Short descriptive text snippets:

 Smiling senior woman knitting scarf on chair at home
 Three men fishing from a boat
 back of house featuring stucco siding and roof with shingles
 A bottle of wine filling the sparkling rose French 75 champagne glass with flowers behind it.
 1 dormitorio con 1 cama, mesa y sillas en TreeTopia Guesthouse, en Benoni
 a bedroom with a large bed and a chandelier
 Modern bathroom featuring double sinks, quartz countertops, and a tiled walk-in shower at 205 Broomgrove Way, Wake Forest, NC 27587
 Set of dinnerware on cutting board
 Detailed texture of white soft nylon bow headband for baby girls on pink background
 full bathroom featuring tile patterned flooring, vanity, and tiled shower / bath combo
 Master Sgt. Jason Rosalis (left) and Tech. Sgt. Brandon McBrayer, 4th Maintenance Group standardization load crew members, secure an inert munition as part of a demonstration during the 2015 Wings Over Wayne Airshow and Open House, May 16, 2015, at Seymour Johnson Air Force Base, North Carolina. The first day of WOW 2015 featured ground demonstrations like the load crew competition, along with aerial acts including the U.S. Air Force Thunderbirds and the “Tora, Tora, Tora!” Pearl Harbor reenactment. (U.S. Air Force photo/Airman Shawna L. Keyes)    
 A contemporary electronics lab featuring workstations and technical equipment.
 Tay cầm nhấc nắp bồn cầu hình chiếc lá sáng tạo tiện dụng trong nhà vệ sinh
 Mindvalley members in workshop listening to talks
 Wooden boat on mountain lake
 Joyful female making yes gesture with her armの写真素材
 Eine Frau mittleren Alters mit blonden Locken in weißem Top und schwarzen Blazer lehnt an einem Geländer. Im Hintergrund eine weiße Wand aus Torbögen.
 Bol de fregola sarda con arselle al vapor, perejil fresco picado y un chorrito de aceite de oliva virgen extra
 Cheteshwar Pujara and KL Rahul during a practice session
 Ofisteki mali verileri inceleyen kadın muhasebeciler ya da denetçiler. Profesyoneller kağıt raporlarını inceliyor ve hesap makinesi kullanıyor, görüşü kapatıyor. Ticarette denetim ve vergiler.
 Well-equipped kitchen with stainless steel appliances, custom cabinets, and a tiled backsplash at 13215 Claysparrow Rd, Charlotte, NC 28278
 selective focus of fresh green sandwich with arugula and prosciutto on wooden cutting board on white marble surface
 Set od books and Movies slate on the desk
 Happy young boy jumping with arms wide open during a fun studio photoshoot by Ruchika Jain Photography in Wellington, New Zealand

*Exercise goal*. Where a line in the records above contains the word "boat", copy that line.

*Answer area*.
 Three men fishing from a boat
 Wooden boat on mountain lake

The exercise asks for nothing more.